Следователь со вздохом потёр переносицу. Он не спал вторые сутки, голова разламывалась от боли, а лампочка на потолке допросной светила раздражающе резко.
Напротив него, с вызывающим видом, закинув щиколотку одной ноги на колено другой, сидела подтянутая смуглая женщина. Ей было хорошо за сорок, и её асимметричная фиолетовая стрижка, и агрессивный тёмный макияж выглядели данью уважения молодёжной моде двадцатилетней давности (следователь помнил ту моду, двадцать лет назад он сам был «молодёжь»). Тяжёлые ботинки с цветными шнурками, штаны в обтяжку, косуха. На запястьях – штук сто разномастных кожаных браслетов, в брови и в носу – пирсинг. На удивление, во всём этом нелепом, не подходящем её возрасту прикиде, она смотрелась вполне органично и даже опасно, словно ядовитая бабочка.
Её толком не оформили после задержания – сразу приволокли в допросную. Оформление будет зависеть от того, пойдёт она на сделку или нет.
– Ни черта я вам не скажу.
Она выгнула широкую, тоже фиолетовую, бровь. Она держалась слишком уверенно и дерзко для человека, которому светит до двадцати пяти лет строгого режима за незаконные допрошивки.

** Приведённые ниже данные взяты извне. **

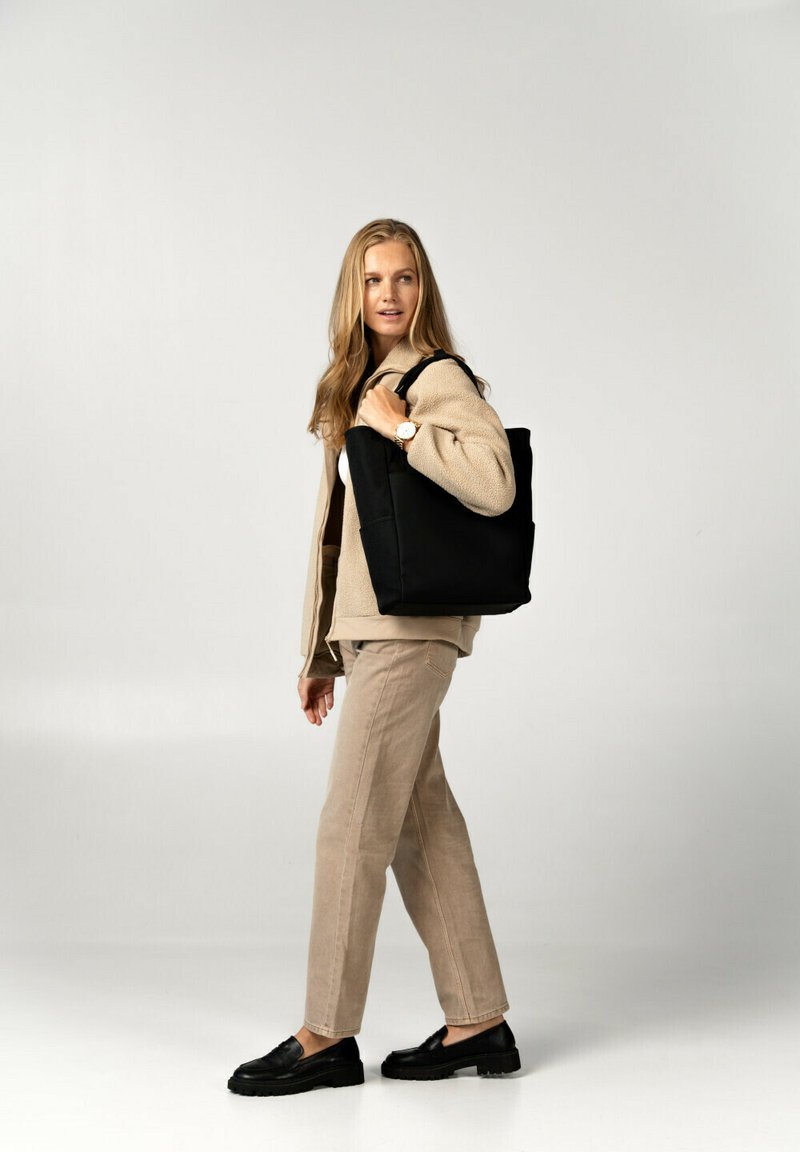 Borsa tote nera con manici robusti, forma rettangolare e superficie liscia. Indossata da una persona in un outfit beige su uno sfondo neutro.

– Вы понимаете… – начал следователь, но осёкся: её настоящего имени выяснить так и не удалось, а погоняло он опять забыл.
– Гейт, – подсказала она.
– Вы понимаете, Гейт, что другого шанса не будет? Вы взяты с поличным, не чипированы… Если хотите остаток жизни сортиры в женской тюрьме драить – я сейчас же провожу вас на оформление и сам заполню все бумаги. Буковка к буковке. Ничего не упущу. Глядишь, и на тридцатник потянет. – Он посмотрел на Гейт уставшими, в сетке красных сосудиков, глазами. – Но я же знаю, код пишете не вы. Если сдадите тех, кто это делает, пойдёте только за соучастие и незаконную деятельность с искусственной комой. Учитывая, что ваши пациенты подписывали согласие, отделаетесь сроком до пяти лет. Не сдадите – все перепрошивки повесим на вас, отдуваться придётся одной. А нейрохакеров ваших рано или поздно всё равно поймаем.
Гейт задумалась. Поболтала ногой, тяжело вздохнула.
– Помните, тринадцать лет назад похитили некоего губернатора? – спросила она. – За него ещё выкуп требовали. А когда заплатили, и губернатор вернулся к работе, его политика в корне переменилась. Помните все эти законы о защите стариков? Тех бесполезных стариков, которых до этого тот же губер предлагал вывозить из городов, едва ли не выкидывать в помойные ямы, чтобы не расходовать на них ценные ресурсы?
– Помню, – следователь насторожился. – Но тогда его вдоль и поперёк просканировали, и факт допрошивок не подтвердился.
– Ах, то есть это он сам вдруг опомнился? Просветление в плену словил и начал грешки свои искупать? – Гейт саркастически хмыкнула. – Вы серьёзно в это верите?
– У нас нет никаких доказательств, чтобы думать иначе.
– А если я вам их предоставлю? Если скажу, что знаю человека, способного на бесшовную допрошивку? И это не свист! Потому что я сама погружала того губернатора в кому, чтобы некий маленький гений вправил ему мозги. Если помогу поймать его? Хотя он, как колобок, не раз уходил и от дедки, и от бабки, и от ваших вислоухих фараонов. Дам вам чёткую наводку, составлю фоторобот, и останется лишь подвазелинить кому надо и ждать, когда они сообщат, что колобок прикатился на пенёк? Тогда проведёте меня только за соучастие?